Exercise brief:
Please set down, with no changes, every line of the material below from the one containing "Goblin Slayer Chapter 2 page 47 - Chapter 2" through the end. Skip the pictures.

Information provided:
※

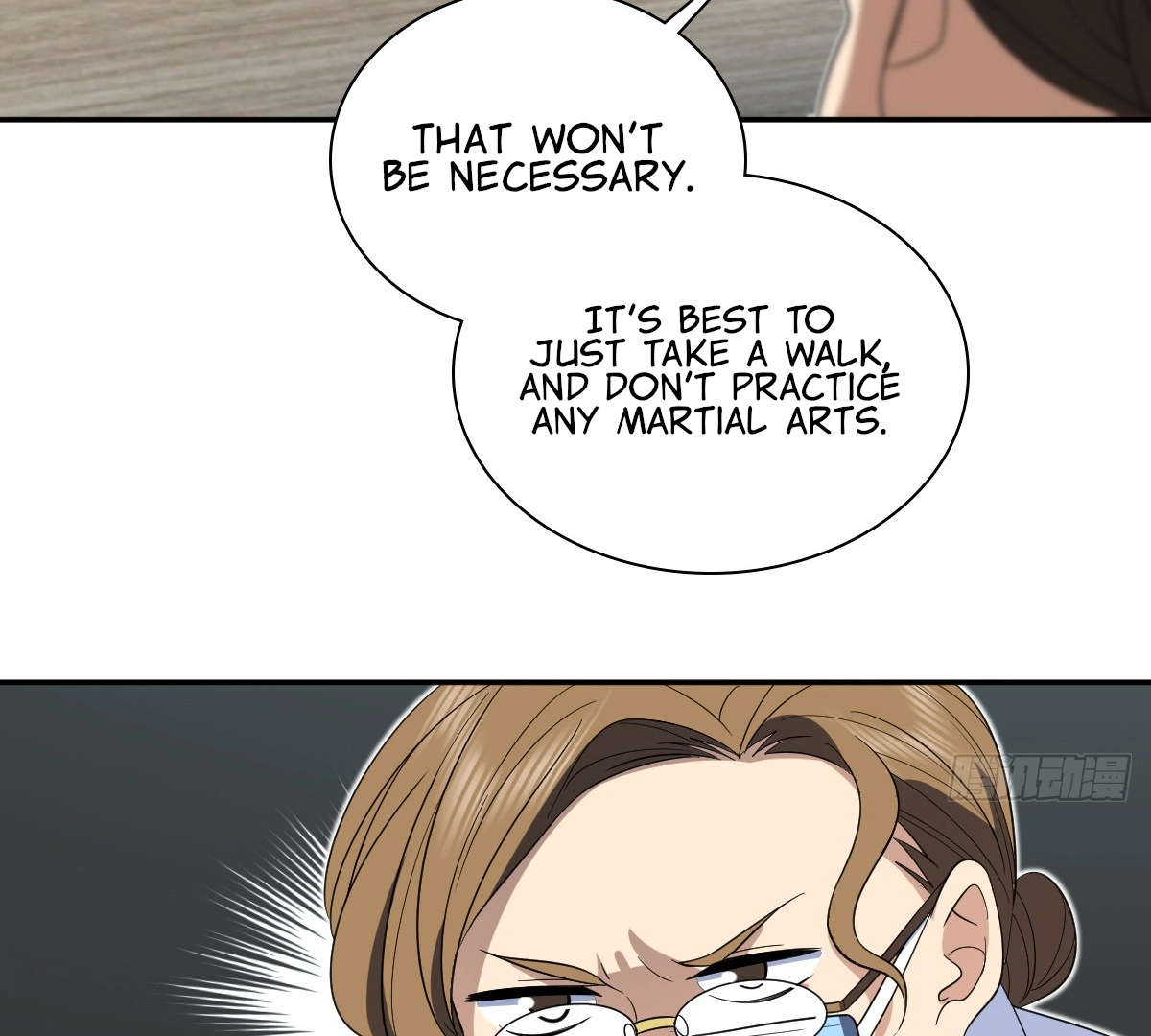 My Wife Is From a Thousand Years Ago Chapter 321 - page 10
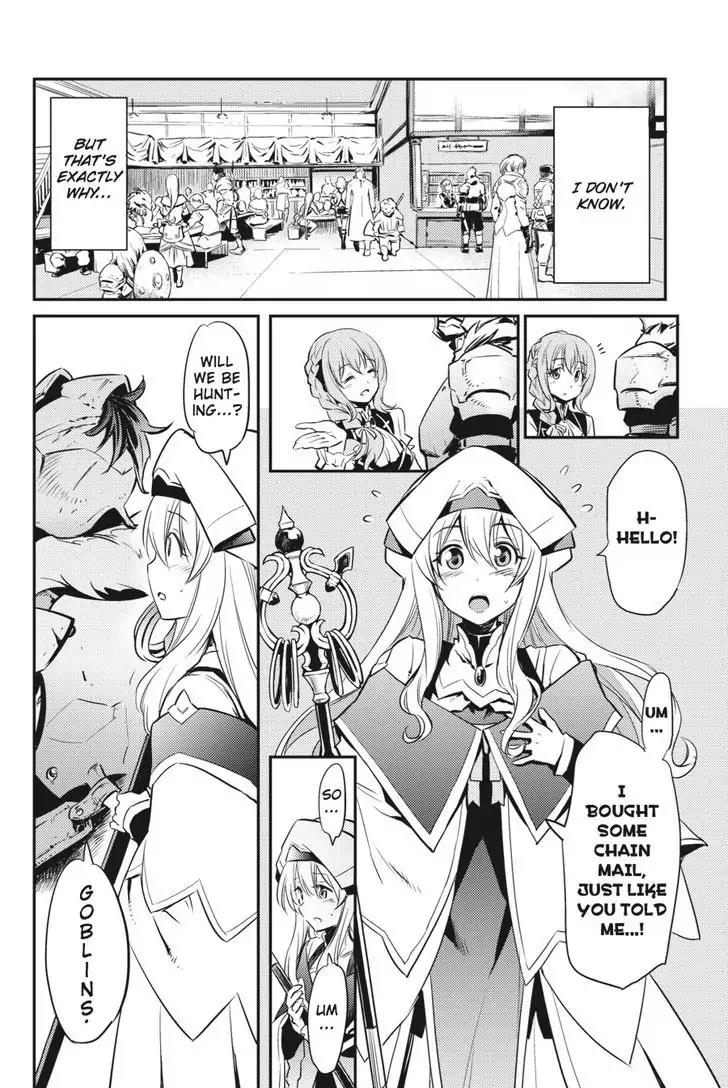 Goblin Slayer Chapter 2 page 47 - Chapter 2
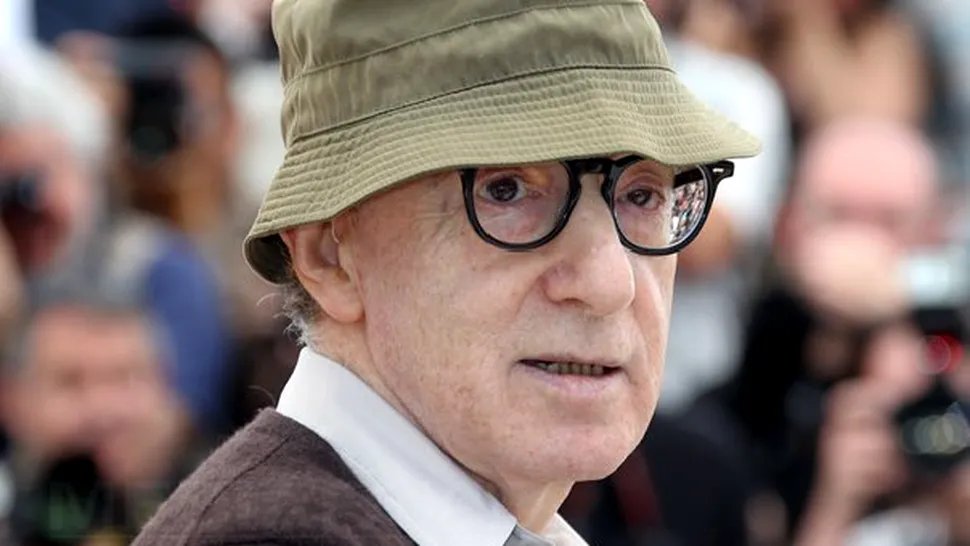 Woody Allen a fost dat în judecată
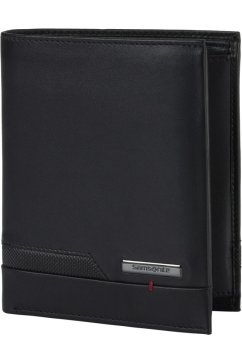 Pánská kožená peněženka PRO-DLX 5 SLG  120638-1041 černá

※

Task output:
 Goblin Slayer Chapter 2 page 47 - Chapter 2
 Woody Allen a fost dat în judecată
 Pánská kožená peněženka PRO-DLX 5 SLG  120638-1041 černá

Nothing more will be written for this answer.